Geoff hendrey wrote:
Interesting. I am reviewing the JavaDocs.
I am concerned that transactional integrity might not be an important
requirement. That probably will raise the hackles of database experts
like the Derby team, but I would prefer a non-transactional support
for Lucene-derby integration.
Thanks, Geoff. I think that a successful feature needs a real user like you.
Please consider the following things I would like:
1. ability to search an entire *row* as a document, not a
column-as-document model
OK. This makes sense to me. Each column would be a Lucene field, if I am
understanding the terms correctly.
1. ability to "look back in time" and see old versions of rows
This is interesting. What would you like the key to be? A two part
invention composed of the table's primary key plus a timestamp?
Something else?
What about aborted changes? Would you be happy with a solution which
recorded index entries for changes which were subsequently discarded
because, say, an INSERT integrity violation rolled back a transaction to
the savepoint laid down before the INSERT ran?
Thanks,
-Rick
1. very high performance
2. high quality search results (from my experience you must combine
FuzzyLikeThisQuery with SnowballAnalyzer).
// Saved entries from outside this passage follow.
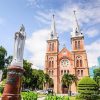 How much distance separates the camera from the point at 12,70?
35.9 ft

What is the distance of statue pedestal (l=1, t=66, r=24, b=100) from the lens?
34.2 feet

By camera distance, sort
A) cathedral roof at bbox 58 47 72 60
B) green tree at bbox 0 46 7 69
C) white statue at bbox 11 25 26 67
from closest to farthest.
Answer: white statue at bbox 11 25 26 67 → green tree at bbox 0 46 7 69 → cathedral roof at bbox 58 47 72 60

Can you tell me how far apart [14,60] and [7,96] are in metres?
2.27

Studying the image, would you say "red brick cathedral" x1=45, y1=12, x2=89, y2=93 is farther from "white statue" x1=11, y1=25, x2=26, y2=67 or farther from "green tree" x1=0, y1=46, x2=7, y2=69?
"white statue" x1=11, y1=25, x2=26, y2=67

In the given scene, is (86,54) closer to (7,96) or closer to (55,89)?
(55,89)

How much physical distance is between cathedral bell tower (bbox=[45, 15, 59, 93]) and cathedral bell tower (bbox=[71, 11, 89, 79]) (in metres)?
5.87

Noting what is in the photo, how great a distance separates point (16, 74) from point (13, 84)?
24.2 inches

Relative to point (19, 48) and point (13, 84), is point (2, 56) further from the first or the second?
point (13, 84)

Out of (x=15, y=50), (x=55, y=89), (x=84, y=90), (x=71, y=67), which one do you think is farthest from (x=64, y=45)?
(x=15, y=50)

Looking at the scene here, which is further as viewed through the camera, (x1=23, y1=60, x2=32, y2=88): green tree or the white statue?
(x1=23, y1=60, x2=32, y2=88): green tree

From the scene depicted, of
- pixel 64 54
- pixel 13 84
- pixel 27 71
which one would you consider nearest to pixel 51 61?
pixel 64 54

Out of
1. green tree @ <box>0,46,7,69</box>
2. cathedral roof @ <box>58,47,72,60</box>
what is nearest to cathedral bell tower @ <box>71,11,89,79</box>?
cathedral roof @ <box>58,47,72,60</box>

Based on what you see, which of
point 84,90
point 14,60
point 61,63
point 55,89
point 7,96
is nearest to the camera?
point 7,96

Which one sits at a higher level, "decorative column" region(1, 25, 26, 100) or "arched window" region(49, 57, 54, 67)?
"arched window" region(49, 57, 54, 67) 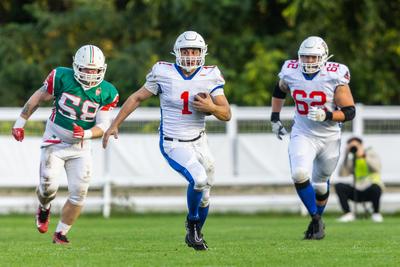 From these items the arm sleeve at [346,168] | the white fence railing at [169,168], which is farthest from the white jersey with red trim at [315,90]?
the white fence railing at [169,168]

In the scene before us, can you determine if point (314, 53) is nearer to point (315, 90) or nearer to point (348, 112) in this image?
point (315, 90)

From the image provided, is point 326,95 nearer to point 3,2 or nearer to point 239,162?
point 239,162

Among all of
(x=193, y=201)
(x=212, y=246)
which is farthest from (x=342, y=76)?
(x=193, y=201)

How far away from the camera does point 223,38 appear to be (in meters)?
27.4

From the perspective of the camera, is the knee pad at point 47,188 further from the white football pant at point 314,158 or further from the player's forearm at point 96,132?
the white football pant at point 314,158

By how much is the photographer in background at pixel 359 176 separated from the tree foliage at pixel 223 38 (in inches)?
265

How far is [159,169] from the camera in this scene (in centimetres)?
2005

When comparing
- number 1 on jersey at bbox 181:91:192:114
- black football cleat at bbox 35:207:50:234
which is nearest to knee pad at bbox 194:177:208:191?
number 1 on jersey at bbox 181:91:192:114

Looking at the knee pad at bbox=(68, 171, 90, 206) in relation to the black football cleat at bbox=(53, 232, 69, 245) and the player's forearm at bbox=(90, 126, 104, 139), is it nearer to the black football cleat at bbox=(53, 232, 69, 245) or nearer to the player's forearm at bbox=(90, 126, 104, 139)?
the black football cleat at bbox=(53, 232, 69, 245)

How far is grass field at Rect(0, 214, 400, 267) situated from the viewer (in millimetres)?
9891

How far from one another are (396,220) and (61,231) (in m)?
7.66

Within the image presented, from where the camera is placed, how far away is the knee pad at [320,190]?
1315cm

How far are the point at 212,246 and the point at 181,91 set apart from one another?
5.07 ft

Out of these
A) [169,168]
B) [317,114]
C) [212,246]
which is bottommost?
[169,168] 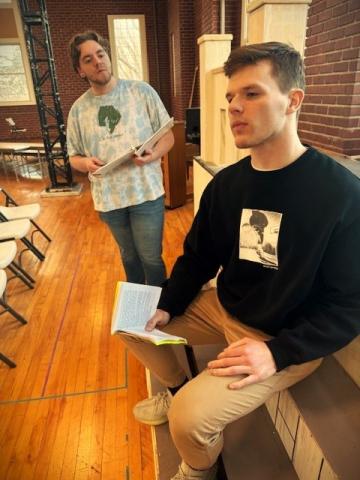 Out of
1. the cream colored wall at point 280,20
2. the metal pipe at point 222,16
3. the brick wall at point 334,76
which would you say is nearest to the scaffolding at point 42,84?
the metal pipe at point 222,16

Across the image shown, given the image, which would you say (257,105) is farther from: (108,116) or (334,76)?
(334,76)

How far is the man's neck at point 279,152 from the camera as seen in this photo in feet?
3.22

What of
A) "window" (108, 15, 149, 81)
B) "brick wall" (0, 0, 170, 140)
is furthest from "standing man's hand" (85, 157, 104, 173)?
"brick wall" (0, 0, 170, 140)

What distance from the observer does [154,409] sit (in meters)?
1.48

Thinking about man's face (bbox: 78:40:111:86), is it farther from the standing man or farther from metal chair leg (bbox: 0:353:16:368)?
metal chair leg (bbox: 0:353:16:368)

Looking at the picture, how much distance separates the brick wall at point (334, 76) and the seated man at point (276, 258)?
170 cm

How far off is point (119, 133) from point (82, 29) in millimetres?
8537

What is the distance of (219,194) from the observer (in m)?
1.19

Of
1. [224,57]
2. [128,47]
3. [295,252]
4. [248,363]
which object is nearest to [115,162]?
[295,252]

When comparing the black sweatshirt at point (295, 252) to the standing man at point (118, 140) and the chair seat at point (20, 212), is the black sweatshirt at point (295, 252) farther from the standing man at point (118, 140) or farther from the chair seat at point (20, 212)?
the chair seat at point (20, 212)

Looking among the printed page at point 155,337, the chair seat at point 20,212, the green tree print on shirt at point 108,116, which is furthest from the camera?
the chair seat at point 20,212

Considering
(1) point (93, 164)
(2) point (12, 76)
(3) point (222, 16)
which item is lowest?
(1) point (93, 164)

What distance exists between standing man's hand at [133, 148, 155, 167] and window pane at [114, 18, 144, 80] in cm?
798

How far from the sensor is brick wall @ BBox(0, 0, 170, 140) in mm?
8258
In my view, the lucene integration is more like a system that indexes
a constant stream of information that enters the database.
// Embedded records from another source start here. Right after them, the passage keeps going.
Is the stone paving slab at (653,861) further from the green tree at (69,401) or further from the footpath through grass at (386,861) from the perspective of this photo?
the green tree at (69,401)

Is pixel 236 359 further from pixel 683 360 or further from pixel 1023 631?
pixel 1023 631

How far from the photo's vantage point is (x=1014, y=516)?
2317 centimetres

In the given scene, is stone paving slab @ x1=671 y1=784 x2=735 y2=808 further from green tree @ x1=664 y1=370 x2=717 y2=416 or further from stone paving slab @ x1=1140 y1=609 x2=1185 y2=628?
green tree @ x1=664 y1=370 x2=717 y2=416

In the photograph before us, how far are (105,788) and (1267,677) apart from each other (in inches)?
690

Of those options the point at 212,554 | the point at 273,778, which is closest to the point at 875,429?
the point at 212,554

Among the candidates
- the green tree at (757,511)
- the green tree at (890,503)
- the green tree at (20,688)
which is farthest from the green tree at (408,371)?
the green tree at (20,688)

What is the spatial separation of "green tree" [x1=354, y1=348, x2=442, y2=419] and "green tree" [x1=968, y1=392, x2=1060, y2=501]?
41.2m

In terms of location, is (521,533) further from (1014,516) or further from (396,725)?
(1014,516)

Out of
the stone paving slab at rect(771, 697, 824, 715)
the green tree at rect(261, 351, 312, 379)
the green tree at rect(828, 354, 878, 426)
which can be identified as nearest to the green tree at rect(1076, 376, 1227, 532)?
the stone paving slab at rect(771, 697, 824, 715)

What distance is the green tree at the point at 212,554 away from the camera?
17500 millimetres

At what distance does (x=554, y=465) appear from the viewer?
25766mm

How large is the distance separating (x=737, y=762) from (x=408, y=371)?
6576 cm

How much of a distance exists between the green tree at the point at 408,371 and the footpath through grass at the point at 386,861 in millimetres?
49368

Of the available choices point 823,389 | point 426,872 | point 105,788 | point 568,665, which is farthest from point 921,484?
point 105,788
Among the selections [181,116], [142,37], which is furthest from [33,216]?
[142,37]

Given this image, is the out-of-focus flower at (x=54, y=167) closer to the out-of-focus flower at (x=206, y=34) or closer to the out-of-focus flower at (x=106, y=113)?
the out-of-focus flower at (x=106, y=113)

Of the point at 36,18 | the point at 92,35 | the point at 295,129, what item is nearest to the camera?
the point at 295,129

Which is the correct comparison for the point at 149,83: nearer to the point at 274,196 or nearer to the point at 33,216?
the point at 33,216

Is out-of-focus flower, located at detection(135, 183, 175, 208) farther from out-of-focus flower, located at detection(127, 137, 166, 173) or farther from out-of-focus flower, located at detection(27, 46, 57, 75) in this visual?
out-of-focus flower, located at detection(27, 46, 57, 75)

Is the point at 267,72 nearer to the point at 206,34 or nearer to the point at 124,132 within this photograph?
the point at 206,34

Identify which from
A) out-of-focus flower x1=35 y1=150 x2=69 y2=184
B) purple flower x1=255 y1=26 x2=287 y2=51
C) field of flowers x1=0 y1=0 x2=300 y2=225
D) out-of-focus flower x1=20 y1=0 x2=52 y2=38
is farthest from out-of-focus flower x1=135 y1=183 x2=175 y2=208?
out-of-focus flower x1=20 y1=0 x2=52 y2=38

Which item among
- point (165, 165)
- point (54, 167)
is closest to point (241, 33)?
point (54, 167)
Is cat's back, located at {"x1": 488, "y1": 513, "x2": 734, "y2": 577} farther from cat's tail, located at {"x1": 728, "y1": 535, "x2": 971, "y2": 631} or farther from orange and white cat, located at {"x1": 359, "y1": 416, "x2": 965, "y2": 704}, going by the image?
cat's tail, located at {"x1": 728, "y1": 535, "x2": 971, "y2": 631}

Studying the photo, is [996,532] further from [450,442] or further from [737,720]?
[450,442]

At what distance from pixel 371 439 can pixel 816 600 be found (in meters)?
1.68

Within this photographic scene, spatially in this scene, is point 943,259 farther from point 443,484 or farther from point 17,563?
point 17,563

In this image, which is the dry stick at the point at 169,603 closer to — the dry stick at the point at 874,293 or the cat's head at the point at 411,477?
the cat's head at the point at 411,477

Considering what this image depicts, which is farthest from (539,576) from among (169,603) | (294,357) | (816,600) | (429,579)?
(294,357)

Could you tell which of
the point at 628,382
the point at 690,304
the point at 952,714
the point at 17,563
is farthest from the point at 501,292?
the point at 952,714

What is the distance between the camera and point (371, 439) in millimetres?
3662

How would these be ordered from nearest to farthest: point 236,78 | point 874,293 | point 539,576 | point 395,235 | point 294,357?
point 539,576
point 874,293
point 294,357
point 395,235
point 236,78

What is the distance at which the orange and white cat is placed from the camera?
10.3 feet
Transactions are nice-to-have, but not really needed to achieve the
equivalent of a "search engine for the database". When I execute a
Lucene search, all I need to get back are row id's that I can use to
lazy-retrieve the row if the user wants to drill down on a particular
search result. With a web search engine like Google, it is possible
that the page may no longer exist when the user clicks on the search
result (it happens from time to time).
This is why I don't think we really *need* transactional integrity on
the lucene search.
-geoff
“XML? Too much like HTML. It'll never work on the Web!”
-anonymous
*From:* Rick Hillegas <[email protected]>
*To:* Derby Discussion <[email protected]>
*Sent:* Tuesday, March 24, 2009 11:55:38 AM
*Subject:* Re: Lucene integration
Hi Geoffrey,
I'm hoping to have some time to look at Lucene integration after we
put 10.5 to bed. In the meantime, I was wondering if you have any
experience with implementations of Lucene Directory which place the
Lucene indexes inside a relational database? According to the
following link, people have been disappointed with the performance of
this approach (don't know what that means)--at first blush, however,
the approach seems like an attractive way to keep the Lucene indexes
transactionally consistent with the original character data:
http://wiki.apache.org/lucene-java/LuceneFAQ#head-e55d8e6971f9f01daaf3e14ce1d2f34485adba6e
Thanks,
-Rick
Rick Hillegas wrote:
> Hi Geoffrey,
>
> I'm on the road right now but I'd like to make some suggestions
after I gather my thoughts and get over my jet lag. I think that it is
definitely possible to hook into the query processing layer in order
to fork the tuple stream so that a listener process can populate the
Lucene indexes. I think that scraping the replication log stream would
raise a lot of issues around when work is really committed vs. when
savepoints are rolled back, and I would recommend against that approach.
>
> Regards,
> -Rick
>
> Geoffrey Hendrey wrote:
>> Ok, well on to plan B then. Is there some stage in the preparation
of inserts, updates, and deletes at which the logical identity of a
row is established? That could be a good place to provide a lucene
hook, or a more general interceptor.
>>
>>
>> On Mar 18, 2009, at 6:55 AM, Jørgen Løland <[email protected]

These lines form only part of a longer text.